Waring News | Waring School

Faculty Feature: Mrs. Cahill (by Will Stomberg '20)

Written by Will Stomberg '20 | 01/22/2020

Over the past year, Waring School has been in the process of designing a new school building on its 32-acre campus. To do this they will be tearing down the old building that used to be the school’s main gathering space, for both students and teachers. The Grande Salle will be demolished which is a loss for the students, but Mrs. Cahill's office will also be taken down. The loss of Mrs. Cahill’s office will be the loss of a common place for the faculty. If you walk by her office at any given moment during the week it is not uncommon to see anywhere from one to ten teachers bustling around the tiny space.

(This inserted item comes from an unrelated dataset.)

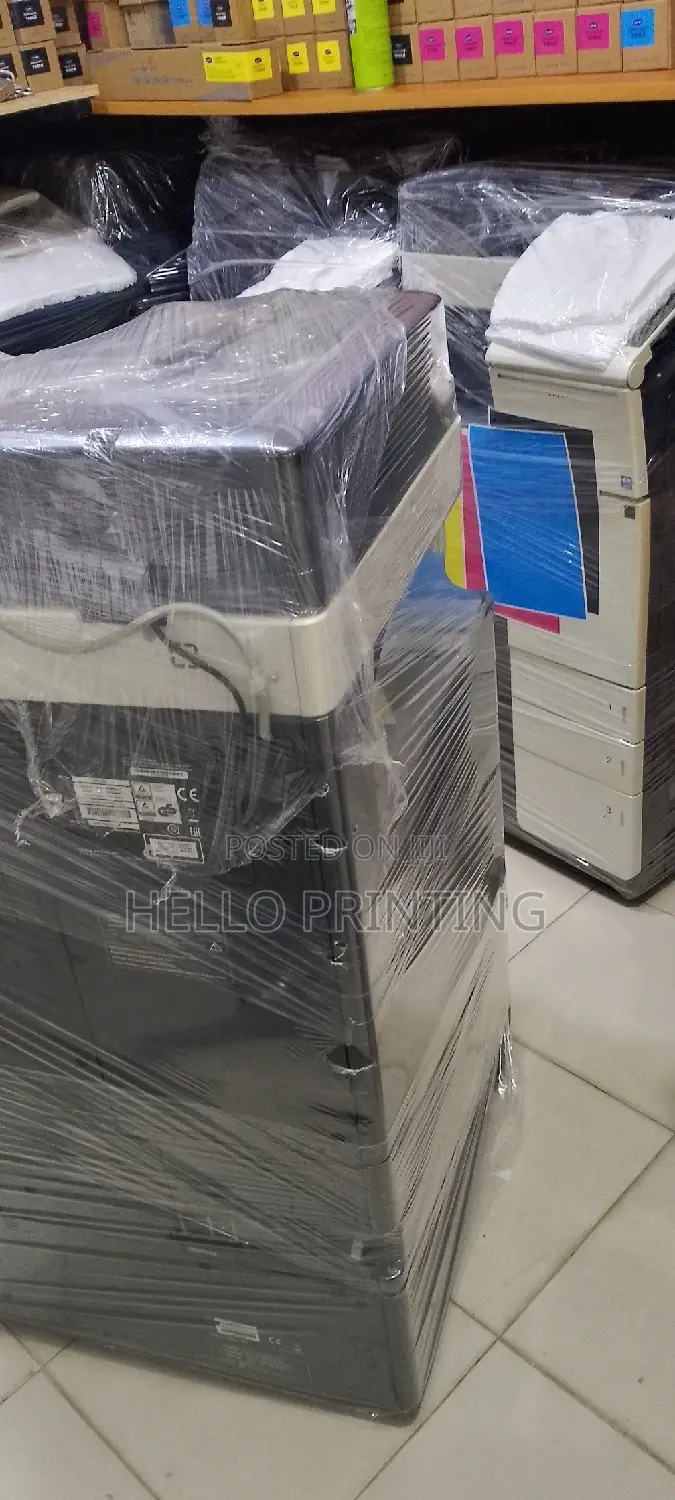 Konica Minolta Bizhub C454e - Your Office Solution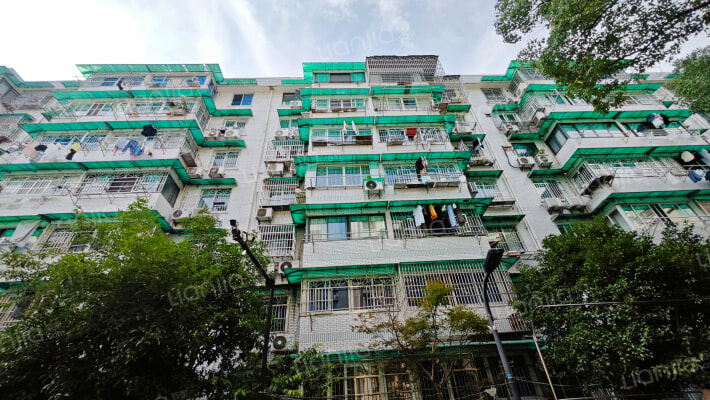 一清新村外景图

While her office might not be perfect, it is definitely going to be hard for her to say goodbye to the desk she has sat at for 22 years. She is even going to miss the tiny creatures cohabitating her desk. “I’m going to miss the mice that I found in my desk drawer that got so hungry they ate three of my pencils,” she said. More proof of how her desk and office have become a home to many at the school. 

Mrs. Cahill will be saying goodbye to a desk perfectly crafted for her position and personality. Mrs. Cahill’s mythical omniscience makes her the perfect person to sit in the center of campus, keep track of kids, gossip, and make eBay bids. 

Not only is she a mother of a whole school and nine of her own children, but Mrs. Cahill also leads a very active life. She was one of Gloucester's first recreational female runners and during her lunch break, she can often be found swimming varying distances in the ocean. She is also one of the growing number of women pilots at Waring having solo piloted a twin-engine plane. 

It is common knowledge that Mrs. Cahill is a fabulous cook and it seems to run in the family. Mrs. Cahill was never really taught how to cook, she just picked it up from watching her mother. Her mother was a very adventurous chef even cooking whole pigs on occasion. With Mrs. Cahill's nine children we can only hope that she passed the gift on to at least one. 

While demolition has not yet commenced and her space is still standing, sometime soon Mrs. Cahill will no longer have her office until her new one is made later in the year. The desk might not be the same one it has been for the past 22 years, but she will be the same, Mrs. Cahill.